You could think of LLMs as “Amazon, but for thought”. Suddenly you have access to, more or less, all of the thinking, in one convenient place. Experts and pundits can talk about whether that’s really more efficient, but users are speaking, and I think there is real value there, whether it’s “officially” captured or not.
Here are my anecdotes: the lead engineer on one of my teams is currently spending about $200 a day in inference costs to do his job, and they’re (to my eye) much more productive than before. We don’t regret the spend and are looking for ways to usefully increase it.
A good friend is a professor at a local university estimates that they spend roughly $500 a month on one of the AI services to help with their research - and they are doing things they couldn’t or wouldn’t have done before. I don’t know of any other service where anyone I know spends like that!
And the pattern of “I get to do a new thing” is showing up in other places. I have “non-technical” people producing ideas and prototypes they wouldn’t have before. It’s hard to measure the productivity of that, because you’re dividing by 0.
I don’t really have much direct insight but I don’t know of any big company or datacenter that has "too many” GPUS right now, or even any that aren’t utilized. As far as I can tell, everyone is using it as fast as they can build it.
And there definitely seems to be some kind of “Jevon’s paradox” going on - token cost came down 100,000X over the past few years but usage has gone up even faster. That’s bad if you were depending on the reduction in cost to fix a margin problem, but really good if you are trying to understand market demand. It’s not surprising - as the models get smarter, we use them. Who wants the dumber assistant?2
The last two times this happened were the internet buildout, and the mobile one. I remember the exact same feeling - we almost couldn’t build capacity fast enough to satisfy demand. If anything, AI adoption is more rapid.
Value isn’t always crystal clear. It’s easy to measure a decrease in cost or time - but that kind of “value add” isn’t really interesting in the long run, because you can’t get below 0. What is interesting is new value. But what is that? We watch a lot of content that would have been thought to have no real value 20 years ago and wouldn’t have been produced. Does that “not count” somehow?
I don’t think so. Value (once you get past food, shelter and safety) is doing the things we want to do. The “Amazon of thought” that is being built is allowing a whole lot of new things to happen, in a lot of new ways. I suspect that creative energy and demand is going to continue for a long, long time.3
Don’t come at me - I actually love bookstores and spend a lot of time in them and support them. But you have to admit, while they are wonderful, and good for discovery, they aren’t particularly efficient.
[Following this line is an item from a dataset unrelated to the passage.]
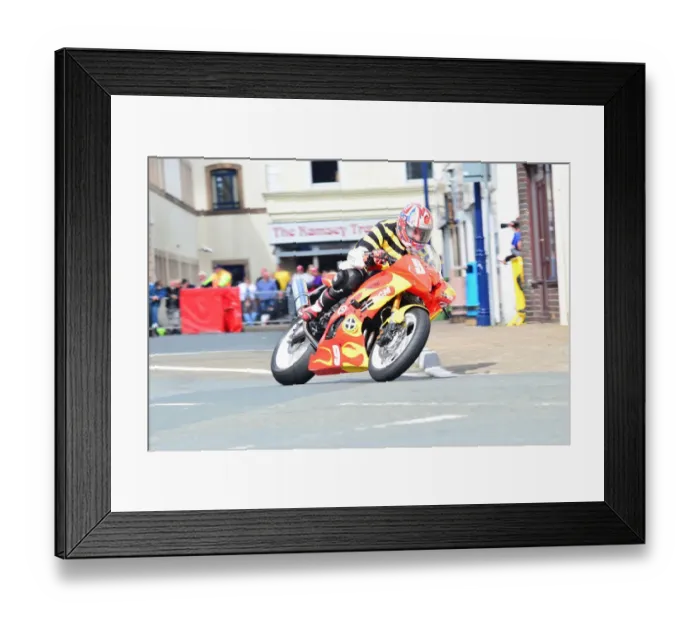 Framed Print : Ross Orchard (Yamaha) 2015 Newcomers Manx Grand Prix Framed Print : Ross Orchard (Yamaha) 2015 Newcomers Manx Grand Prix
Though there are almost certainly opportunities to arbitrage cheaper/smaller agents that are going unused right now.
I don’t usually disclaim this but: this letter (and all of them) is really just my personal opinion, and not any kind of official Microsoft statement or position. This is just me, as a technologist and technology follower for 40+ years, remarking on what I seem to be seeing. Take it with a grain of salt.